A False Dichotomy (Another Bell and Whistle): Hybrids of More than One Image
Suppose we want to display more than 2 images on a plot. One might attempt to extend the natural high and low frequency plots to a series of bands of frequencies where each image may “reside.”
To perform this natural extension of the previous part, we apply the Fourier Transform, isolate the a specific frequency for each image, and the convert it back using the Inverse Fourier Transform. Let’s see this!
Frequencies between 25 and 60:
Frequencies above 45:
Frequencies below 30
Combining:
As you can see, as you shrink, different layers can be observed at different points. In the top one, the third image is very visible. In the middle, the third image is less visible, and the first two are very visible. In the bottom image, only the first image is visible!

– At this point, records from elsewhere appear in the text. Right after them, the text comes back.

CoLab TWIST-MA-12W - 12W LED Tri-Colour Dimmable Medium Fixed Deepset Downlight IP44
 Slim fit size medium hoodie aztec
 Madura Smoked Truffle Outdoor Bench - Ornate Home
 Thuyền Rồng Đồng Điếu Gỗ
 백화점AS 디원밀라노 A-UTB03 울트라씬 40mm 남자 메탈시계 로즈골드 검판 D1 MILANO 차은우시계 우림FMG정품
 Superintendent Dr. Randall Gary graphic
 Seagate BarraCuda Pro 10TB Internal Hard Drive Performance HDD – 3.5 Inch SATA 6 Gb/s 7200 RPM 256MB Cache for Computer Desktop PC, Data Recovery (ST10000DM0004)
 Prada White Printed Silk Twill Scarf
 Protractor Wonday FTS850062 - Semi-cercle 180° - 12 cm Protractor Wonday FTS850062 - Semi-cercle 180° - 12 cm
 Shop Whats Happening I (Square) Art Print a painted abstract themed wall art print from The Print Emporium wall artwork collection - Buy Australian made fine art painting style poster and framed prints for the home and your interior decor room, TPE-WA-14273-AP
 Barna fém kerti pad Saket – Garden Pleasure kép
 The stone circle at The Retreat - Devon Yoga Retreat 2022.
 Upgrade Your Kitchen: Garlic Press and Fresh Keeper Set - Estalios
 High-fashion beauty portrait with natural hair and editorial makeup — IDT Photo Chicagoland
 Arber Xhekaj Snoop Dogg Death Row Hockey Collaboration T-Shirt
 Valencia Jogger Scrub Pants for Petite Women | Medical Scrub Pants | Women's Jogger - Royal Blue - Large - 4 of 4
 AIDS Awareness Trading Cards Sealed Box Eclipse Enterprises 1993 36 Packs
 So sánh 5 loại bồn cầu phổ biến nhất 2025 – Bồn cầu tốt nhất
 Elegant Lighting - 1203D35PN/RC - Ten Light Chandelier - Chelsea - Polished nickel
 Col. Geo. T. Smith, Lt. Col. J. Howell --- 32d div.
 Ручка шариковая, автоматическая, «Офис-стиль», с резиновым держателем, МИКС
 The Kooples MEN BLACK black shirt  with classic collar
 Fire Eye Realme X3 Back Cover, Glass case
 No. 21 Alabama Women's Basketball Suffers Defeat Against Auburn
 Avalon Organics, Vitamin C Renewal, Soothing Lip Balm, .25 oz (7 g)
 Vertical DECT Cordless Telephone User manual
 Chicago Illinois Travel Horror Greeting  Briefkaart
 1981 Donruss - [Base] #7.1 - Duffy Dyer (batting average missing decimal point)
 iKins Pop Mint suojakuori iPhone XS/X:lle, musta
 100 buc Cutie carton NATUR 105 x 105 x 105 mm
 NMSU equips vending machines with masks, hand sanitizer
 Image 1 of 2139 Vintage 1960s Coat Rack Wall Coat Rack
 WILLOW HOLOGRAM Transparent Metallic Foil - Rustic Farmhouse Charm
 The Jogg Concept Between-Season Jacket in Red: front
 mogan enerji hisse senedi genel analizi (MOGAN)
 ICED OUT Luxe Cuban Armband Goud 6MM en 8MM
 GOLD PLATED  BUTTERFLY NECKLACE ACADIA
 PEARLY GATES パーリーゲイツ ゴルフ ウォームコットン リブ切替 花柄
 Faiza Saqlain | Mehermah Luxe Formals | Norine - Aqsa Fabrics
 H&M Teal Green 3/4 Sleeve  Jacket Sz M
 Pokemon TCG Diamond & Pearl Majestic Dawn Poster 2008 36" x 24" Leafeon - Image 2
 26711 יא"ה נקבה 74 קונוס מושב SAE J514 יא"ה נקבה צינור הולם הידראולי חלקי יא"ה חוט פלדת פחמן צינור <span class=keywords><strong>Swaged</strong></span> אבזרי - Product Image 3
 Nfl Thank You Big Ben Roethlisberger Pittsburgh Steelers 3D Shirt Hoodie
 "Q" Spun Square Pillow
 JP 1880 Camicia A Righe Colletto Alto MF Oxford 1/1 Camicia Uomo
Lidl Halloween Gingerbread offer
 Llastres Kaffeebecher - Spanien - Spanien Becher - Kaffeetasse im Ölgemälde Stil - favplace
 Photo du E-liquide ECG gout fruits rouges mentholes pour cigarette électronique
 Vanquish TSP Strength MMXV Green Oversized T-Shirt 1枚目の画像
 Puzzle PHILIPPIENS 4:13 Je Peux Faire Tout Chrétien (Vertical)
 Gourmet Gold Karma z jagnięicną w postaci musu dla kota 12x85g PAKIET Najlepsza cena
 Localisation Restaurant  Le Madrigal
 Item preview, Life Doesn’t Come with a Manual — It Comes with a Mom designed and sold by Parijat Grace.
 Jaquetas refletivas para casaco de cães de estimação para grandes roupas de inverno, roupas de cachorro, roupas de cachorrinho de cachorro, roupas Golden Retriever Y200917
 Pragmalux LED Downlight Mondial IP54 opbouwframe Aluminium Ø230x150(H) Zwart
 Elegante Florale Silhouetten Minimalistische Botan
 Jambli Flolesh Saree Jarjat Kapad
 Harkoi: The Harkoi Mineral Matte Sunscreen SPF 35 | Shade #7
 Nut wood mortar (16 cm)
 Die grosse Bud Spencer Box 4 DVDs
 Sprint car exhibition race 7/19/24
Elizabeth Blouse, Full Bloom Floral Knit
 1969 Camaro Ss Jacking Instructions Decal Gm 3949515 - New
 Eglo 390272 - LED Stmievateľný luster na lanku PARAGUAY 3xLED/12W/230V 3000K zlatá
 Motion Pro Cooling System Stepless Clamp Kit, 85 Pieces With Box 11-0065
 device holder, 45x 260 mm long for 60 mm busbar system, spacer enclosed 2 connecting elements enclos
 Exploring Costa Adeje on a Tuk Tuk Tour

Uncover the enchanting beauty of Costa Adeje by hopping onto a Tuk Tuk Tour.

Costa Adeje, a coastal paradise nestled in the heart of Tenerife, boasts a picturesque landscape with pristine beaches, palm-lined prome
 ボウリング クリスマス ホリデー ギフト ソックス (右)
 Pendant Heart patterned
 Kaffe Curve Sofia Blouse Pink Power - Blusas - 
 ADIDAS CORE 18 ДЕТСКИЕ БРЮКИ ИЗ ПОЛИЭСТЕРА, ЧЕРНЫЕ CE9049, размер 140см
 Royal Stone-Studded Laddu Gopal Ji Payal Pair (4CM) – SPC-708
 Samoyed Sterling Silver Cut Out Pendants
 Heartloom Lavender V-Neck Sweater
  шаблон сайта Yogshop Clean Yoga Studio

Part 2.3/2.4: Image Blending
Suppose we wanted to make an Orapple from combining an apple and orange:
To start, we develop Gaussian and Laplacian Stacks, which consist of repeat applications of the Gaussian Kernel Convolution and the original image minus this convolution, respectively. This yields:
We can recreate the stack from Burt & Addleson with a binary mask (pictured on left):
At each level, the combined image looks like:
Summing them together we get the Orapple! Or maybe the Apprange
Now, we can experiment with some of our own masks!
TOTOBRON:
Can we blend Totoro on a branch with the GOAT?
Starry Night At Berkeley
What Did I Learn?
I got a pretty in depth understanding of filters and frequencies — specifically, low and high pass filters. Most importantly I got an intuitive understanding about how changing the sigma and number of Guassians impacts filtration.